§ **Caption-style text data**:
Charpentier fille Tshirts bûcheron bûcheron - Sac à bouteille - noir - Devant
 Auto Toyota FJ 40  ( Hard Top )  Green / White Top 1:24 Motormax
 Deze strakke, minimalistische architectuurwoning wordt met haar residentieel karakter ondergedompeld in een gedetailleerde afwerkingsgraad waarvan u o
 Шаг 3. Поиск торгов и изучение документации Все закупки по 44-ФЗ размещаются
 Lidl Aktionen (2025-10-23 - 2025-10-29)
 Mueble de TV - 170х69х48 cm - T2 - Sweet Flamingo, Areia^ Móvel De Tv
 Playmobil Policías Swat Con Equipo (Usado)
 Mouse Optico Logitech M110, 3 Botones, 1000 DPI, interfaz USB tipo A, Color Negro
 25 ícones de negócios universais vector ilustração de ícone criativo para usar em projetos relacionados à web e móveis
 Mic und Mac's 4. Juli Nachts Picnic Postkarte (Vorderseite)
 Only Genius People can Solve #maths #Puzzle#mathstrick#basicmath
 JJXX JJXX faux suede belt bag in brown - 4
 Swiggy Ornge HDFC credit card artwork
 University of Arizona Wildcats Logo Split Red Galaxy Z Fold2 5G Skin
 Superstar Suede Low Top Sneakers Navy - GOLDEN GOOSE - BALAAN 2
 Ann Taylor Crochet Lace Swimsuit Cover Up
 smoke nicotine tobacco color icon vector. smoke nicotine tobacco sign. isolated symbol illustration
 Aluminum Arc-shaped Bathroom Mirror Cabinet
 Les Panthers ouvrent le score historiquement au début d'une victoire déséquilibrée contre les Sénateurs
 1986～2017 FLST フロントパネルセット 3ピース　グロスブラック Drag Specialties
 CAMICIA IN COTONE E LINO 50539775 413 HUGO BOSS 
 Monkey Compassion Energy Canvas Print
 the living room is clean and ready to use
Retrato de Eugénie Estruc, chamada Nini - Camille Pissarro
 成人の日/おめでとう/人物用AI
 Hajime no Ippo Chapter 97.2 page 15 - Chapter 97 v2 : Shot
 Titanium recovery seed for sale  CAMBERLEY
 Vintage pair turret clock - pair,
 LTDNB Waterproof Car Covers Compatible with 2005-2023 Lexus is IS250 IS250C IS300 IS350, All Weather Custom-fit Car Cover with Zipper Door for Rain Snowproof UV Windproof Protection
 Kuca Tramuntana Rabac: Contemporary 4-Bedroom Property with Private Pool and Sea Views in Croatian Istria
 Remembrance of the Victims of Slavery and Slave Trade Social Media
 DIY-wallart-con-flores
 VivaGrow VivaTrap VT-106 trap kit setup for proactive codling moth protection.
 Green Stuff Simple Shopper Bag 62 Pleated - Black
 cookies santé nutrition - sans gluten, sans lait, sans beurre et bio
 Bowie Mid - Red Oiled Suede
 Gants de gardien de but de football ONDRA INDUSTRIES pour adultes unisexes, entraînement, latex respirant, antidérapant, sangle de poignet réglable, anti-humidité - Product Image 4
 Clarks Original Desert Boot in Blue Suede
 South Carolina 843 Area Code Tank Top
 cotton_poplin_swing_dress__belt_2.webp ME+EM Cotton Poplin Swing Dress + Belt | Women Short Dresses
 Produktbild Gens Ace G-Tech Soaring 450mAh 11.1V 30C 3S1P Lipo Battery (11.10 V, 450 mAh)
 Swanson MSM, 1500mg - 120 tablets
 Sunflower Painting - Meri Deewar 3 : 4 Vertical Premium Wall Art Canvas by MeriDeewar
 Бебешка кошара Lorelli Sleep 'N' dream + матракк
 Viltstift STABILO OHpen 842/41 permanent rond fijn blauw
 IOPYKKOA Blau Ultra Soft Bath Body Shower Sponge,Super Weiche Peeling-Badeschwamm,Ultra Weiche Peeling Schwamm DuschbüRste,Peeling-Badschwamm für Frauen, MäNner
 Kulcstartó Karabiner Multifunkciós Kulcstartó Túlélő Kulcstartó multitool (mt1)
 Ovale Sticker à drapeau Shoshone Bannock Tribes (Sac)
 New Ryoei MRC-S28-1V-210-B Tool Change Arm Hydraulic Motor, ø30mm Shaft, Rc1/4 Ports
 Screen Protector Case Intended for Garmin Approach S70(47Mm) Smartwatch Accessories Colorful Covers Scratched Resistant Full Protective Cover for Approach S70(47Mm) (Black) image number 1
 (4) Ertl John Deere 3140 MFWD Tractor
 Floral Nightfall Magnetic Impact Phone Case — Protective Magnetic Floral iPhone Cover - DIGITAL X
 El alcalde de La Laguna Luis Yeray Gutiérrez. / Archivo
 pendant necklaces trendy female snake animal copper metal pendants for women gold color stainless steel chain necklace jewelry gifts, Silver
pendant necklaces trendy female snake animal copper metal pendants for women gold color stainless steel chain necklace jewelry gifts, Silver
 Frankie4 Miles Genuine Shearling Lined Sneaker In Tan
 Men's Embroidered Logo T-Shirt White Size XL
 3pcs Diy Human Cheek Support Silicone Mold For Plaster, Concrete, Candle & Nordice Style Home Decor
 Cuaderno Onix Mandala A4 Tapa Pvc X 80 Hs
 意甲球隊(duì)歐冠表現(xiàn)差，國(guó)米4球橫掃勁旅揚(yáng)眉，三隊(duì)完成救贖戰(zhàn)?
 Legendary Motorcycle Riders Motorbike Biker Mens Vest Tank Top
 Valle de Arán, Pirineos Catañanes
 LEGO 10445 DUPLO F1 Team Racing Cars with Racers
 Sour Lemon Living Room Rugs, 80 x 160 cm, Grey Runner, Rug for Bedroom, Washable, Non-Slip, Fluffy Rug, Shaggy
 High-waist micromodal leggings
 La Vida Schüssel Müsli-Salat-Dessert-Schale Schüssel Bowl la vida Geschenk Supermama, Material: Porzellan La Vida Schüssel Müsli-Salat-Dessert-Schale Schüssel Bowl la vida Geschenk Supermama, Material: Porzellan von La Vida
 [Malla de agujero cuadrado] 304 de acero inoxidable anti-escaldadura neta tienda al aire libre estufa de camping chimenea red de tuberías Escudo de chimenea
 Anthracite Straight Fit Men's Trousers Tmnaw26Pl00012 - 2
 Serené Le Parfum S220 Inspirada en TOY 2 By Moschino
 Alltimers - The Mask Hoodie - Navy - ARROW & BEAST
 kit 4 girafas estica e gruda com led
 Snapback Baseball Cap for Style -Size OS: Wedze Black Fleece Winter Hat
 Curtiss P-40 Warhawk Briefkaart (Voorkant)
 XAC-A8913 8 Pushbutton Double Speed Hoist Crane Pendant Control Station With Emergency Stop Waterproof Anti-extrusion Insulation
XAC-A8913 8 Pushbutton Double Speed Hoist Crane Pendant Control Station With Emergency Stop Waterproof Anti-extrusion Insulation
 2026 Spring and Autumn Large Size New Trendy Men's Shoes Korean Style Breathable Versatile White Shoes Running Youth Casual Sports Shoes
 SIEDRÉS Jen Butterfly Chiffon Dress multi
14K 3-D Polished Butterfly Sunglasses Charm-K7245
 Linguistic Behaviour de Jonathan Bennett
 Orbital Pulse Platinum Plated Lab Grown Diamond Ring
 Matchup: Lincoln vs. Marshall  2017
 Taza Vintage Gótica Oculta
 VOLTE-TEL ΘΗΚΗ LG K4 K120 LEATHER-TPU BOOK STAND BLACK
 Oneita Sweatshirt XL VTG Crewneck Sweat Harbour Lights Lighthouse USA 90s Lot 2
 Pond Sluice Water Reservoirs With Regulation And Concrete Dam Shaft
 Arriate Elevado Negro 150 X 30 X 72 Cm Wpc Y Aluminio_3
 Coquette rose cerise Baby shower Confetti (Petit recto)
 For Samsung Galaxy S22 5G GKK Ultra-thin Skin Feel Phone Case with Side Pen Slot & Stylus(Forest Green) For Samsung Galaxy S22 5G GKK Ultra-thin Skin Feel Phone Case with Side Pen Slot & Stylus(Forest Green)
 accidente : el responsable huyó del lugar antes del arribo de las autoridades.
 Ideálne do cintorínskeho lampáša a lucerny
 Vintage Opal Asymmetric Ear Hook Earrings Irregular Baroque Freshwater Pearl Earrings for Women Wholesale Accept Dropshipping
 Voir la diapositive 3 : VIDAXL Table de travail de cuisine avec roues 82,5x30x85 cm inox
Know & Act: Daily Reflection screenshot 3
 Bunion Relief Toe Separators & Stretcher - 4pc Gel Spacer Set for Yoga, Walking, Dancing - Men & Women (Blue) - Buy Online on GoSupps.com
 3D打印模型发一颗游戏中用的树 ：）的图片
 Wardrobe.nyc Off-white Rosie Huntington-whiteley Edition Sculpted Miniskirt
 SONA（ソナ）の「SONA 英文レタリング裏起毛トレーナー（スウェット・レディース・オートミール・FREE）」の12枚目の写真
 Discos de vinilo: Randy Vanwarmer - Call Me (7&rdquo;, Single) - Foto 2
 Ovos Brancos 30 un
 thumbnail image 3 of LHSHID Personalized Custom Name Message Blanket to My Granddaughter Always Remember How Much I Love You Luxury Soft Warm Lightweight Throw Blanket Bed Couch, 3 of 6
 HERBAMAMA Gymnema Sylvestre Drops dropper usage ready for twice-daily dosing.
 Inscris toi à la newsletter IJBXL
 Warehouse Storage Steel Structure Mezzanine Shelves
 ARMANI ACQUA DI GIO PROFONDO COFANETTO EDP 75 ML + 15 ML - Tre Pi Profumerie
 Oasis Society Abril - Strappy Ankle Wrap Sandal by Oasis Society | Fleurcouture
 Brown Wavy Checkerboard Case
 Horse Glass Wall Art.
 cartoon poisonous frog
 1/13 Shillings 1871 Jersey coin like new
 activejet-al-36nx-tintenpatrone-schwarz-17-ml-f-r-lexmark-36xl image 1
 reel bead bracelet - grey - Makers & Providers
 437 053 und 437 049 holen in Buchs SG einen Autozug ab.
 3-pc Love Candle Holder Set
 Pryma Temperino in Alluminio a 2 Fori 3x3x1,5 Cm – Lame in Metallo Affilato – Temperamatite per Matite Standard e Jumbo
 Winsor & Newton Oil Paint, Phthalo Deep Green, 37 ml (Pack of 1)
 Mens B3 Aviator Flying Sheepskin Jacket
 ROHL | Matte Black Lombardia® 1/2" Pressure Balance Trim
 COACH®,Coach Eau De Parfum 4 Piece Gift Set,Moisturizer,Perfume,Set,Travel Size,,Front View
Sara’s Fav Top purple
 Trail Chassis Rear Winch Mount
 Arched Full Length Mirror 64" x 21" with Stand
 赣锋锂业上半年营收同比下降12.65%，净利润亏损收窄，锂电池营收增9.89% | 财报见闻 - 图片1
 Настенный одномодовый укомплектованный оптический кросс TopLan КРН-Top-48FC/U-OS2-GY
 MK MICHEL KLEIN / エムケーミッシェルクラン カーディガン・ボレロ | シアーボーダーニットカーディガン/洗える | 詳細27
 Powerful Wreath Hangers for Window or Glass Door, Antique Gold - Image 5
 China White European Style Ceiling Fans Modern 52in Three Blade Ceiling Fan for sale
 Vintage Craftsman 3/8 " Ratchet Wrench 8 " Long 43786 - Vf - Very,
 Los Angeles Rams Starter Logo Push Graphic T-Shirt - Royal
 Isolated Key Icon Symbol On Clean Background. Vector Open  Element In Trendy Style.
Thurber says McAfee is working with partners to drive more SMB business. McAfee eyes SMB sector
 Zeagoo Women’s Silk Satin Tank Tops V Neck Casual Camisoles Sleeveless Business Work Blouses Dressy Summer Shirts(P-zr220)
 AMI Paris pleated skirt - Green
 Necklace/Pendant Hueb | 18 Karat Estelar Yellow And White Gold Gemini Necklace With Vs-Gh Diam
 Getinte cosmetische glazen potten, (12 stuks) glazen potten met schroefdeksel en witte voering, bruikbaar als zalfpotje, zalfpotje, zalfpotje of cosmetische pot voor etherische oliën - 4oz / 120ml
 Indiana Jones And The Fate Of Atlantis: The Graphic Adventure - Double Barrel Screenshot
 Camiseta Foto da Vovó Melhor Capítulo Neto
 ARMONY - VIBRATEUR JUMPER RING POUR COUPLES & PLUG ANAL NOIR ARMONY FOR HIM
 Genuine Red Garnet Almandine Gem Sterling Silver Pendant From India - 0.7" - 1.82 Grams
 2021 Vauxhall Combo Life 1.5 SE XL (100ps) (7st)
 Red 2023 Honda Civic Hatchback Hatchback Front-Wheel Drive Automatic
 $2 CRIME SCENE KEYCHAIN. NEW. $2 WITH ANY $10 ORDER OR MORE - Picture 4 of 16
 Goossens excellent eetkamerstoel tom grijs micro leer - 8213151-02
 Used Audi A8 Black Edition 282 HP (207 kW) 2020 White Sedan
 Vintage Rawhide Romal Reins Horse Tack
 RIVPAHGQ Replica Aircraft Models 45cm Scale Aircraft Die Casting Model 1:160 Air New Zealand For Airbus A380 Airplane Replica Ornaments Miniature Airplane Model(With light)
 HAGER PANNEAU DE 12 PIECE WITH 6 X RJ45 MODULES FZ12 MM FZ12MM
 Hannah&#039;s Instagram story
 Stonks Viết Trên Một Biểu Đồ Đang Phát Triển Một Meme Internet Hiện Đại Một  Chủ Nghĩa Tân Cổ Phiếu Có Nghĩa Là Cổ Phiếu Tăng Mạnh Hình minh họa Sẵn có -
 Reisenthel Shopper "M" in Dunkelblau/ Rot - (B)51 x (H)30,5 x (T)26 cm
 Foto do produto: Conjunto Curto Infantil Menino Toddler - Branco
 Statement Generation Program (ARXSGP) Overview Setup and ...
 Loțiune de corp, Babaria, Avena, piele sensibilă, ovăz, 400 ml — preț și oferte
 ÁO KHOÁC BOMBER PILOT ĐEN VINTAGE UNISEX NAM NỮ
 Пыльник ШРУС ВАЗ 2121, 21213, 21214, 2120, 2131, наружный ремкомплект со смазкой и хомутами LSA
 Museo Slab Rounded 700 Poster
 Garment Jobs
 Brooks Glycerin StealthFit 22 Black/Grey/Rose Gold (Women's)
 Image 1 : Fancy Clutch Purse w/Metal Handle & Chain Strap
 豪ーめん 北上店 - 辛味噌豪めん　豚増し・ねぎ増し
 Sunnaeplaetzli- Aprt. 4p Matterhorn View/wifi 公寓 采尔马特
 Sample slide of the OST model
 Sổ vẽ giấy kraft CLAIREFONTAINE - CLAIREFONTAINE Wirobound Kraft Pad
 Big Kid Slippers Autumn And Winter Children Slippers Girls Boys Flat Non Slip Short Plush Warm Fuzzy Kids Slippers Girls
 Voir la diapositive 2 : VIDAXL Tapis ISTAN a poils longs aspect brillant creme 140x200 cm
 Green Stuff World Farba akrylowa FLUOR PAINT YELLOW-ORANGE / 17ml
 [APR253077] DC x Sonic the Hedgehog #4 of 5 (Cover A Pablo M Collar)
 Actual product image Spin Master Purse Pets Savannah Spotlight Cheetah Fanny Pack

§ **Task prompt**: Copy exactly the stretch of data above from the line with "University of Arizona" through the line with "Kuca Tramuntana Rabac: Contemporary", and omit all other lines.

§ **Written solution**:
 University of Arizona Wildcats Logo Split Red Galaxy Z Fold2 5G Skin
 Superstar Suede Low Top Sneakers Navy - GOLDEN GOOSE - BALAAN 2
 Ann Taylor Crochet Lace Swimsuit Cover Up
 smoke nicotine tobacco color icon vector. smoke nicotine tobacco sign. isolated symbol illustration
 Aluminum Arc-shaped Bathroom Mirror Cabinet
 Les Panthers ouvrent le score historiquement au début d'une victoire déséquilibrée contre les Sénateurs
 1986～2017 FLST フロントパネルセット 3ピース　グロスブラック Drag Specialties
 CAMICIA IN COTONE E LINO 50539775 413 HUGO BOSS 
 Monkey Compassion Energy Canvas Print
 the living room is clean and ready to use
Retrato de Eugénie Estruc, chamada Nini - Camille Pissarro
 成人の日/おめでとう/人物用AI
 Hajime no Ippo Chapter 97.2 page 15 - Chapter 97 v2 : Shot
 Titanium recovery seed for sale  CAMBERLEY
 Vintage pair turret clock - pair,
 LTDNB Waterproof Car Covers Compatible with 2005-2023 Lexus is IS250 IS250C IS300 IS350, All Weather Custom-fit Car Cover with Zipper Door for Rain Snowproof UV Windproof Protection
 Kuca Tramuntana Rabac: Contemporary 4-Bedroom Property with Private Pool and Sea Views in Croatian Istria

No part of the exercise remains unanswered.